**About this exercise**
An exact restatement of all the data is required, with the pictures left out.

----- Data for this task

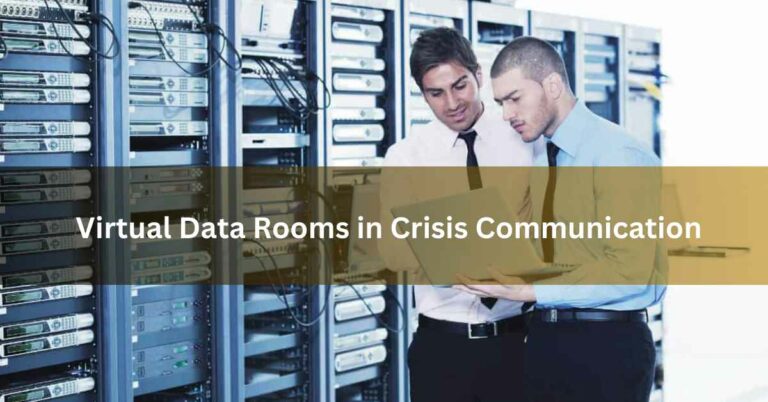 Virtual Data Rooms in Crisis Communication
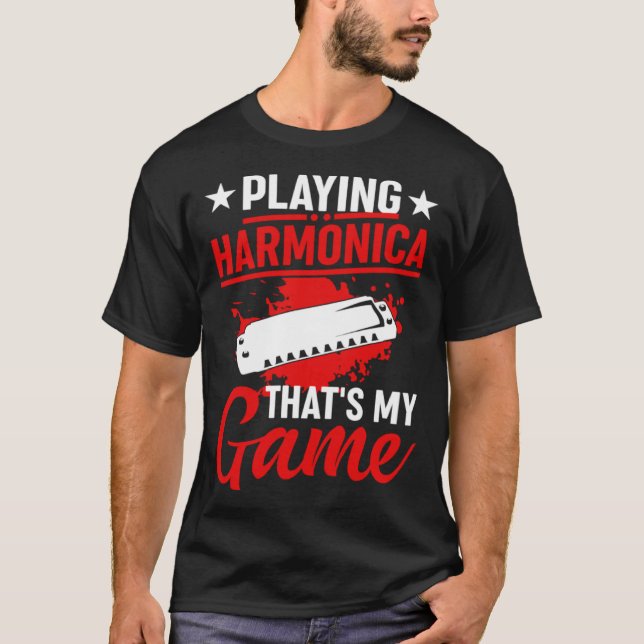 Camiseta Playing Harmonica That s My Game Harmonia Musician (Anverso)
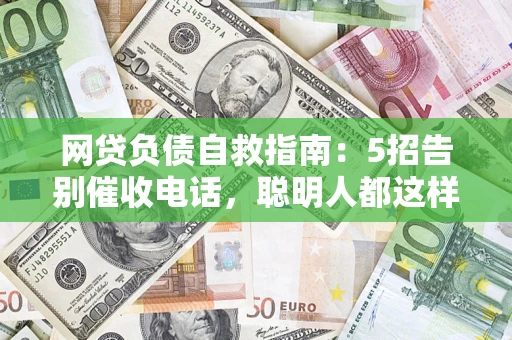 武汉网贷负债自救指南：5招告别催收电话，聪明人都这样做
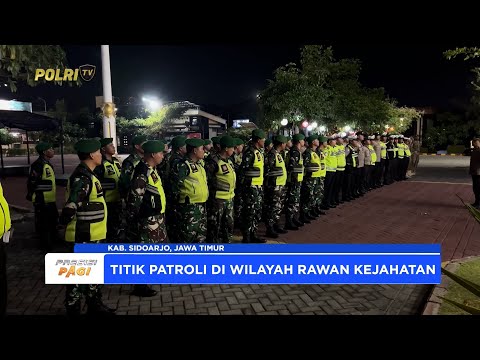 SINERGI TNI POLRI SERTA SATPOL PP DALAM PATROLI BERSAMA JAGA SIDOARJO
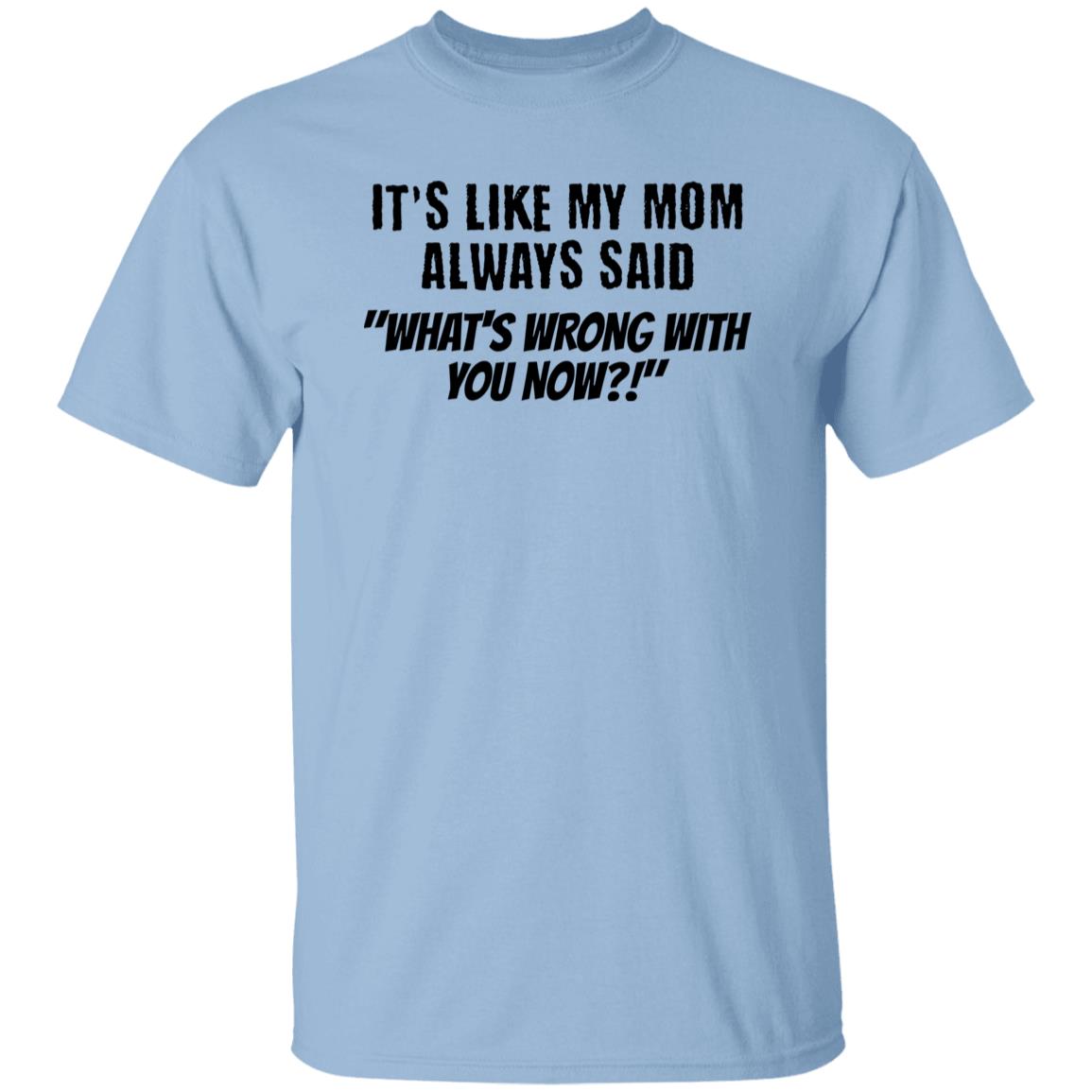 It's Like My Mom Always Said Funny Novelty Unisex T-Shirt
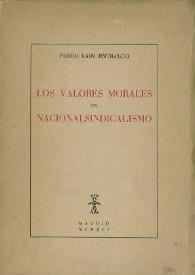 Los valores morales del nacionalsindicalismo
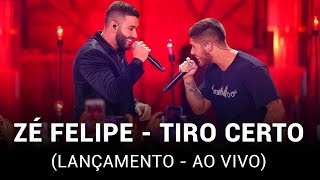 Zé Felipe - Tiro Certo (Lançamento - Ao Vivo)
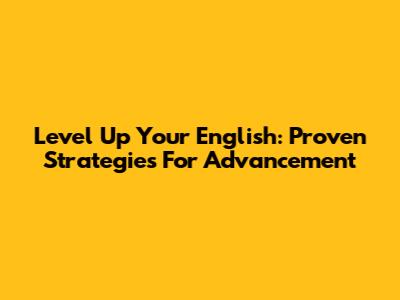 Level Up Your English: Proven Strategies For Advancement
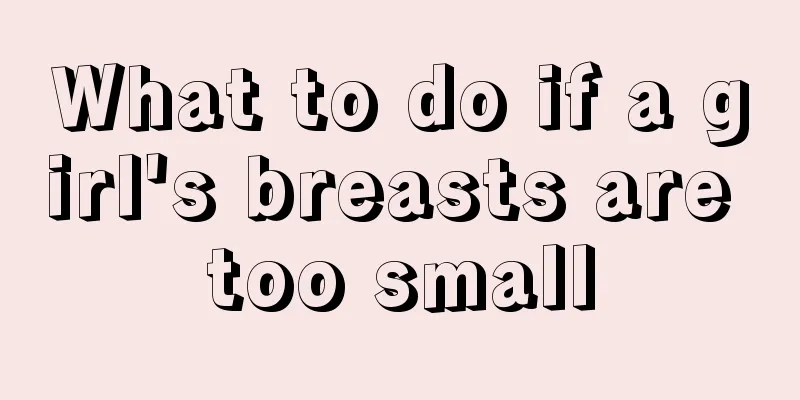 What to do if a girl's breasts are too small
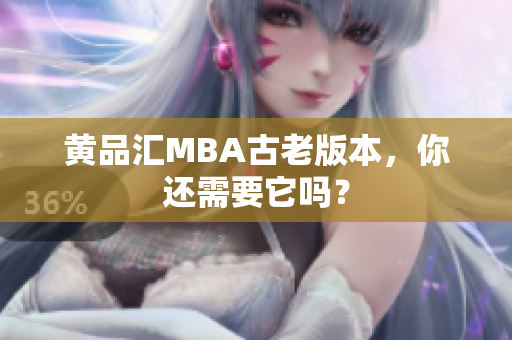 黄品汇MBA古老版本，你还需要它吗？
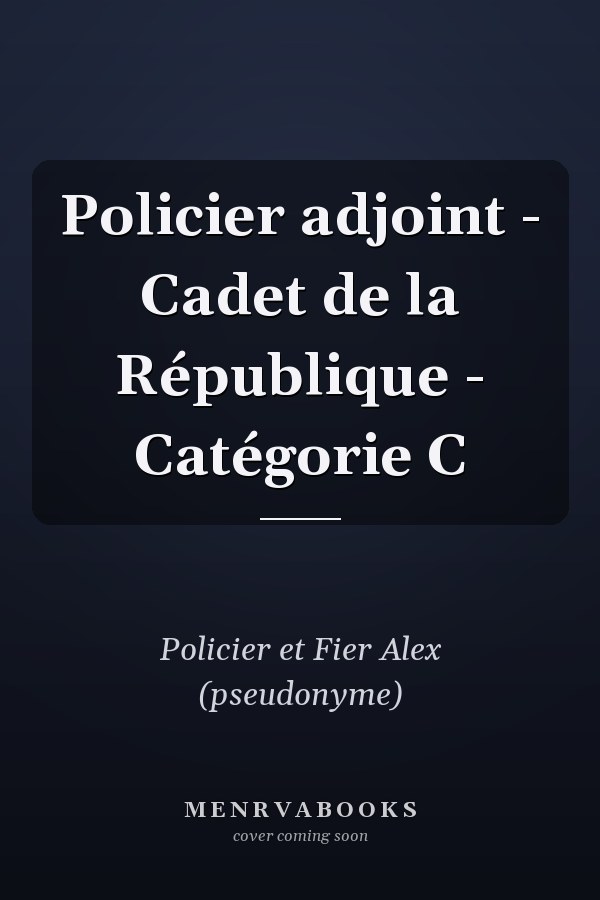 Policier adjoint - Cadet de la République - Catégorie C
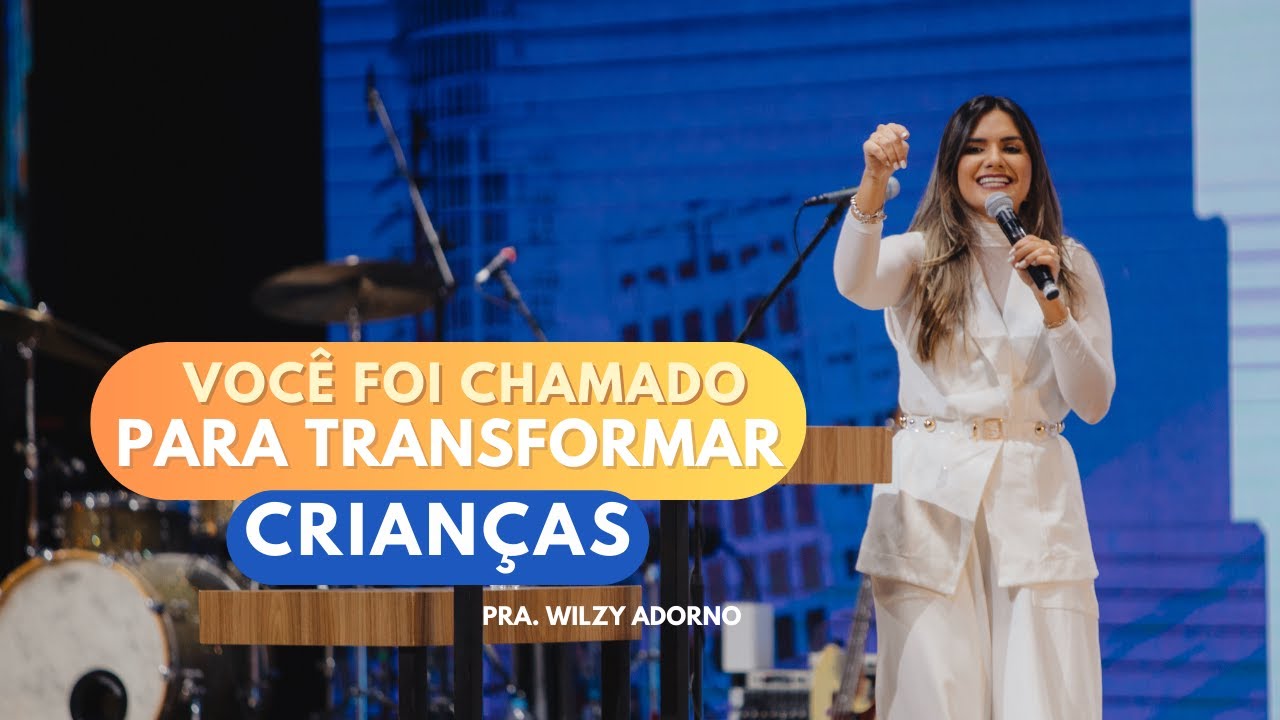 VOCÊ FOI CHAMADO PARA TRANSFORMAR CRIANÇAS | PRA WILZY ADORNO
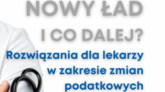 NOWY ŁAD I CO DALEJ❓ROZWIĄZANIA DLA LEKARZY W ZAKRESIE ZMIAN PODATKOWYCH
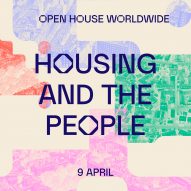 Watch Open House Worldwide's Housing and the People festival explore extraordinary housing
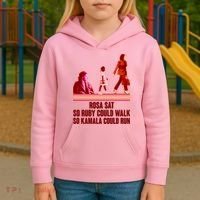 Rosa Sat So Ruby Could Walk So Kamala Could Run Kamala Harris 2024 Kids Hoodie thumb 3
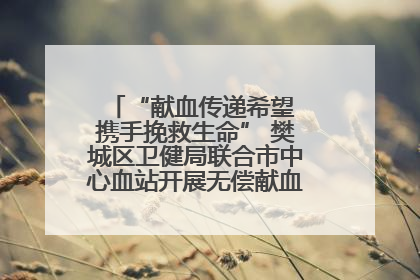 “献血传递希望 携手挽救生命” 樊城区卫健局联合市中心血站开展无偿献血科普公益活动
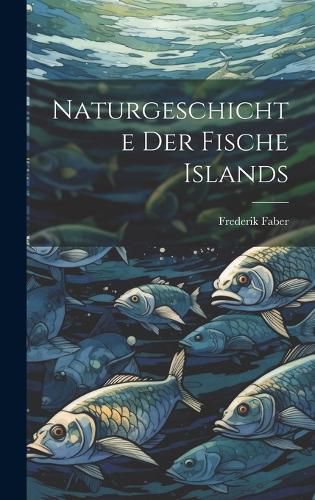 Cover image for Naturgeschichte der Fische Islands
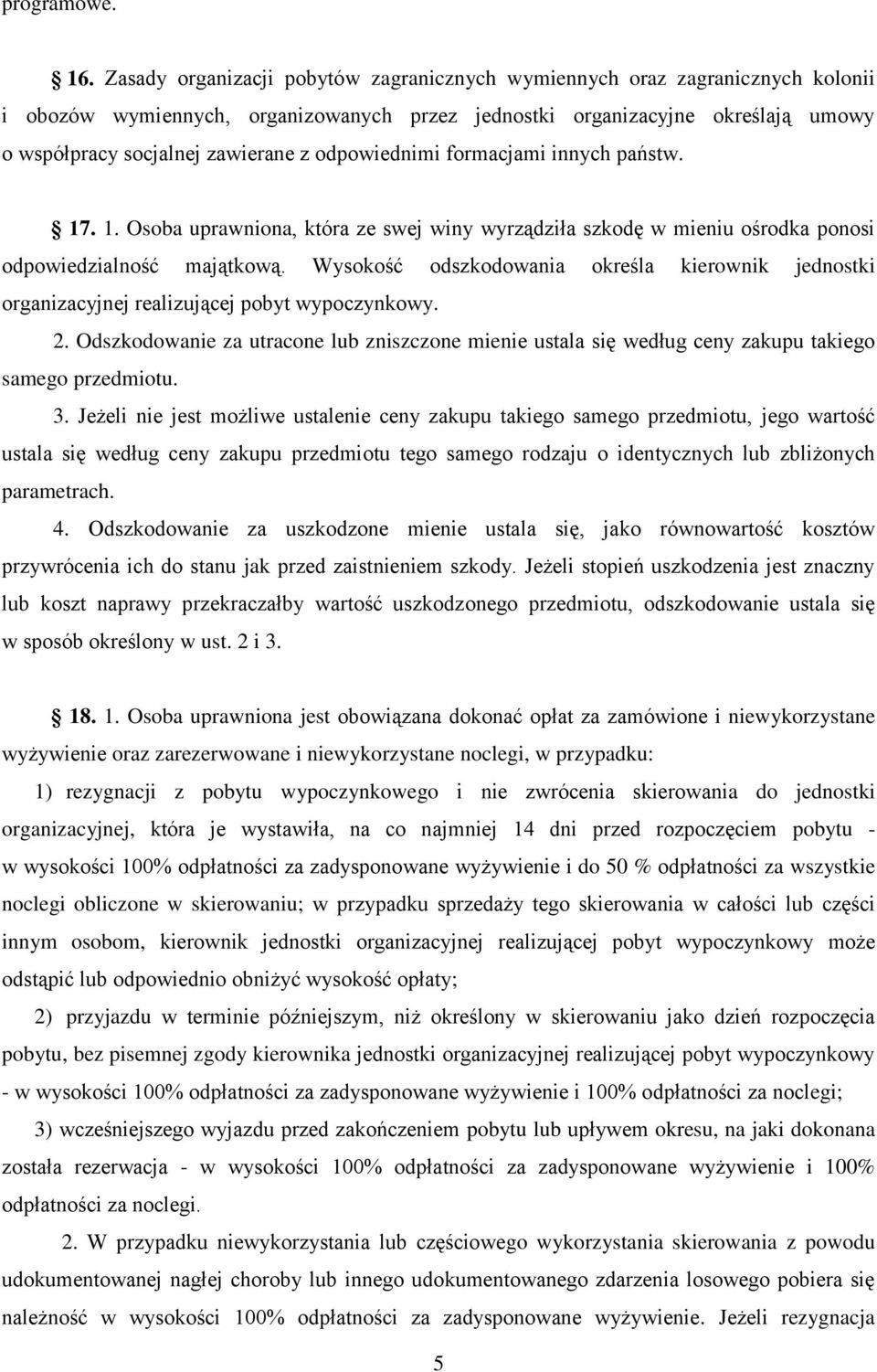 odpowiednimi formacjami innych państw. 17. 1. Osoba uprawniona, która ze swej winy wyrządziła szkodę w mieniu ośrodka ponosi odpowiedzialność majątkową.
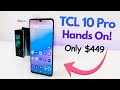 TCL 10 Pro - Hands On & First Impressions!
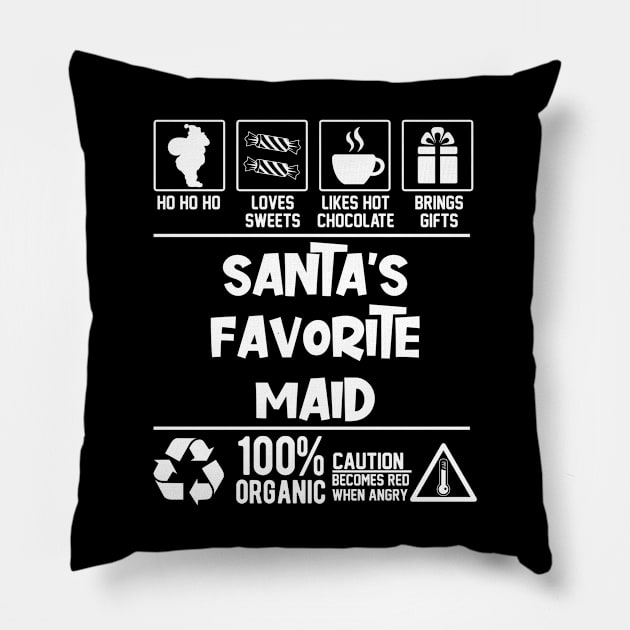 Santa's Favorite Maid Christmas Ho Ho Pillow by Graficof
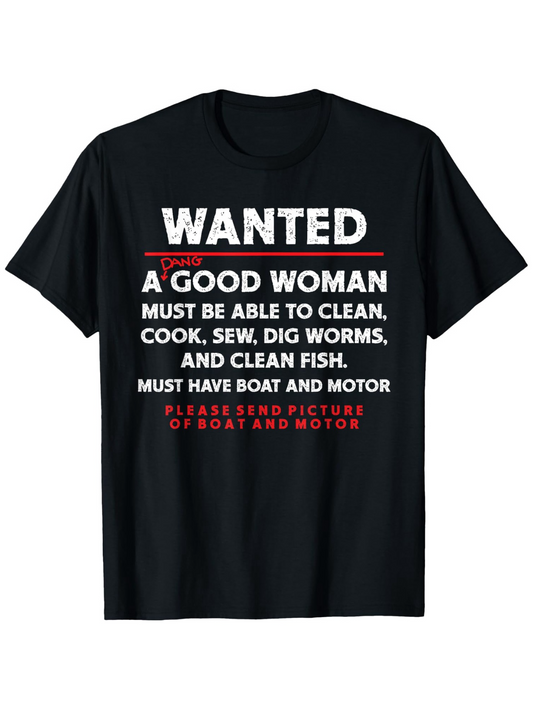 Men's Graphic T-Shirt Wanted A Good Woman With Humor Bold Statement Shirt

----------

**Your solution**
 Virtual Data Rooms in Crisis Communication
 Camiseta Playing Harmonica That s My Game Harmonia Musician (Anverso)
 武汉网贷负债自救指南：5招告别催收电话，聪明人都这样做
 SINERGI TNI POLRI SERTA SATPOL PP DALAM PATROLI BERSAMA JAGA SIDOARJO
 It's Like My Mom Always Said Funny Novelty Unisex T-Shirt
 Los valores morales del nacionalsindicalismo
 Zé Felipe - Tiro Certo (Lançamento - Ao Vivo)
 Level Up Your English: Proven Strategies For Advancement
 What to do if a girl's breasts are too small
 黄品汇MBA古老版本，你还需要它吗？
 Policier adjoint - Cadet de la République - Catégorie C
 VOCÊ FOI CHAMADO PARA TRANSFORMAR CRIANÇAS | PRA WILZY ADORNO
 NOWY ŁAD I CO DALEJ❓ROZWIĄZANIA DLA LEKARZY W ZAKRESIE ZMIAN PODATKOWYCH
 Watch Open House Worldwide's Housing and the People festival explore extraordinary housing
 Rosa Sat So Ruby Could Walk So Kamala Could Run Kamala Harris 2024 Kids Hoodie thumb 3
 “献血传递希望 携手挽救生命” 樊城区卫健局联合市中心血站开展无偿献血科普公益活动
 Cover image for Naturgeschichte der Fische Islands
 odpowiednimi formacjami innych państw. 17. 1. Osoba uprawniona, która ze swej winy wyrządziła szkodę w mieniu ośrodka ponosi odpowiedzialność majątkową.
 TCL 10 Pro - Hands On & First Impressions!
 Santa's Favorite Maid Christmas Ho Ho Pillow by Graficof
 Men's Graphic T-Shirt Wanted A Good Woman With Humor Bold Statement Shirt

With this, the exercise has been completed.